This morning, SXSW announced that President Barack Obama and First Lady Michelle Obama will be appearing as keynote speakers at the Austin festival later this month.
Ostensibly, the president is speaking at SXSW Interactive (the tech-focused portion of the event) because it’s an opportunity to win the hearts and minds of tech and media industry insiders. This is likely true! But it’s not the main reason the president is making an appearance.
No, the main reason is about money, and who will be giving money to the Democratic Party in the future.
For starters, look at who has been giving money to Democratic candidates over the course of the presidential nomination fight. Though tech company-affiliated political action committees have given more money to Republicans by a 60-40 split, Silicon Valley employees have practically been falling over themselves to donate cash to Democratic presidential contenders Bernie Sanders and Hillary Clinton.
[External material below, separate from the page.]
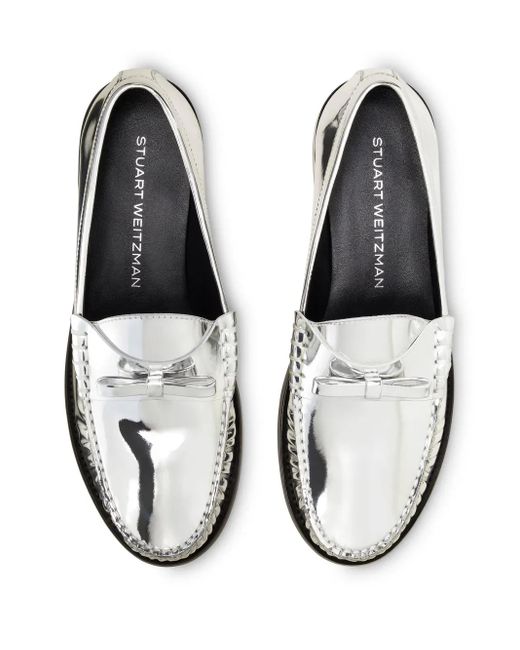 Stuart Weitzman White Lottie Bow Loafer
In the last three months of 2015, Sanders brought in $105,000 from tech employees, though Clinton raised way more cash there than Sanders over the course of the year.
Silicon Valley executives and kingmakers, however, have much more diverse tastes, politically speaking. Oracle founder Larry Ellison has long been in the tank for Marco Rubio, the Florida senator who was the top Republican fundraiser in Silicon Valley but who will probably soon drop out after a dismal Super Tuesday showing. Other members of the Silicon Valley elite skew Republican as well, which makes sense because rich people largely vote for Republicans.
Still, many of these corporate leaders and well-moneyed tech types aren’t representative of the political orientation of the industry’s rank and file.
In a 2012 election post mortem, Nate Silver crunched the fundraising numbers and found that among Google employees, President Obama “collected almost 97 percent of the money” donated to both Obama and Republican challenger Mitt Romney. At Apple that number was 91 percent, and at eBay it was 89 percent. Crowdpac data from 2014 further backs up Silver’s argument, which is essentially that the Silicon Valley professional class leans very heavily Democratic.
And a good number of those Democratic-tilting up-and-coming professional tech types will be at SXSW, where President Obama will likely begin to unfurl his post-presidency plans. He will probably explicitly argue for why attendees should back the Democratic nominee for the presidency, and he will implicitly make the case for why they should open their wallets to the nominee (and the party) as well.
The President will be interviewed onstage by Texas Tribune CEO and Editor in Chief Evan Smith on March 11, and First Lady Michelle Obama will deliver the opening keynote speech for SXSW Music on March 16. Details on how you can stream the talks have not yet been released.